Il Made in Italy? Spesso solo una mossa di marketing
Negli ultimi tempi, leggiamo spesso “Made in Italy”,
ne sentiamo parlare, risaltarne il valore.
Ma si tratta di un reale rilancio del Made in Italy?
A mio parere, no. Potevate immaginarlo.
Penso, piuttosto, che il timbro del Made in Italy è divenuto una
propaganda:
viene, costantemente, adoperato come strategia di marketing,
qualora le cose iniziano ad andare maluccio.
Sì, perché alcune cose sono cambiate: all’apice del caos circa la
produzione e la provenienza dei prodotti, i consumatori hanno iniziato,
sempre di più, ad informarsi. E’ cresciuto l’interesse pubblico sulla
natura e la vita della merce che si acquista: di conseguenza è
aumentata la ricerca della qualità. In certi casi, la pretesa.
E questo processo ha riguardato più o meno tutti i settori:
dall’abbigliamento alla cucina, dall’arredo di una casa, fino alla scelta
della cosmesi.
Per cui il Made in Italy rappresenta una garanzia, che l’azienda si può
giocare piuttosto bene, se è capace.
MA COME SI PUO’ RILANCIARE DAVVERO IL MADE IN ITALY?
In un contesto macchiato di ombre, io qualche idea per rilanciare
realmente i prodotti italiani, l’ho avuta.
Forse più che idee, posso parlare di proposte perché in effetti
la teoria non è difficile, lo è molto di più la pratica.
Ho quantificato in 3 passi il rilancio di cui parlo.
1. LA DOMANDA CONSAPEVOLE
Cosa significa domanda consapevole?
Come tutti sappiamo, l’acquisto dei prodotti contraffatti (il così detto
tarocco) rappresenta una buona fetta di mercato:
Il mercato nero, pertanto, ha dei margini di guadagno molto alti,
a discapito non solo dei grandi brand (che forse sono quelli che perdono
meno), ma soprattutto dei marchi minori.
Per cui, sarebbe opportuno una sorta di monitoraggio sull’acquisto,
cioè:
Chi è che compra i prodotti contraffatti?

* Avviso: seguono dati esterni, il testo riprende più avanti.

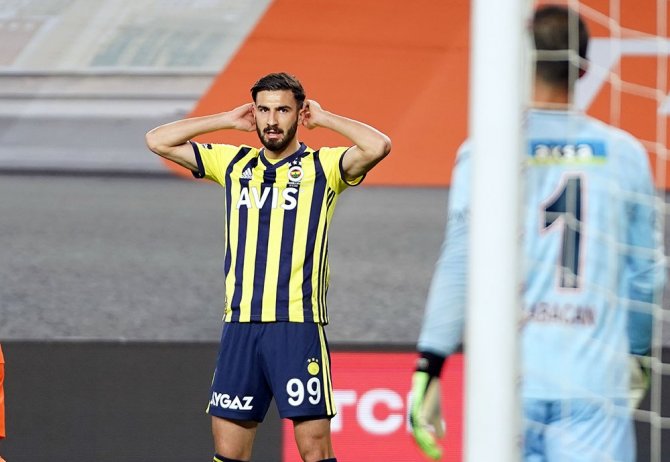 Süper Lig: Fenerbahçe: 1 - Medipol Başakşehir: 1 (İlk Yarı)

Chi sono le persone a cui
dobbiamo rivolgerci? Quanti anni hanno, che lavoro fanno, quanto
guadagnano, quali sono i loro obiettivi, dove vanno in vacanza…
Insomma, conoscere il tuo interlocutore vuol dire sapere ciò che
hai da dirgli. L’obiettivo è riportarli a casa, nell’artigianato italiano di
qualità.
2. OFFERTA CHIARA
Dal problema della domanda, passiamo a quello dell’offerta:
I brand del lusso, ossia i grandi marchi della moda italiana, effettuano,
costantemente, controlli e supervisione sulle fabbriche a cui
commissionano i prodotti.
In questo senso, non si può negare l’efficienza.
Ma sarebbe ancora meglio, se gli stessi brand parlassero
pubblicamente di Chi produce i lori capi (o borse che siano).
Eliminare, quindi, il velo che copre la produzione e far conoscere
al pubblico finale l’identità degli artigiani italiani.
Questa chiarezza, questa sincerità da parte delle aziende di moda,
condurrebbe, inevitabilmente, alla crescita dell’artigiano stesso:
la responsabilità, pubblicamente riconosciuta, funzionerebbe come
motore d’avviamento per il miglioramento delle proprie competenze.
Senza contare il legame che si andrebbe a creare con i clienti:
dove c’è la faccia, c’è la fiducia.
3. LA STORIA DEGLI ARTIGIANI
Il terzo ed ultimo ingrediente potrebbe apparire piuttosto estetico, ma
non lo è; si tratta delle storie di chi lavora, ossia degli artigiani.
Pertanto, ci ricolleghiamo al punto precedente: conoscere chi lavora
per il tuo prodotto, rende ciò che hai acquistato più familiare.
Leggere la vita, le speranze e le conoscenze di un artigiano, ci fa sentire
molto più vicini a quella manualità, lontana dalle catene di montaggio,
ma, finora, lontana anche dalle nostre coscienze.
Bene. Questi, per me, sono i tre ingredienti di una ricetta necessaria per
il rilancio del Made in Italy.
E, forse, qualcuno già li aveva teorizzati prima di me.
Forse, tutti sanno quel che si dovrebbe fare.
Ma perché non si fa?
Beh, bisognerebbe scriverci un libro…nel quale, la premessa dell’autore
parlerebbe degli interessi, delle lobby e delle caste da mantenere tali,
in quest’apparato produttivo.
Ma sappiamo anche che con la consapevolezza collettiva,
molte cose possono cambiare. La domanda può regolare e cambiare
alcuni meccanismi che riguardano l’offerta.
Quindi, impegniamoci a chiedere di più.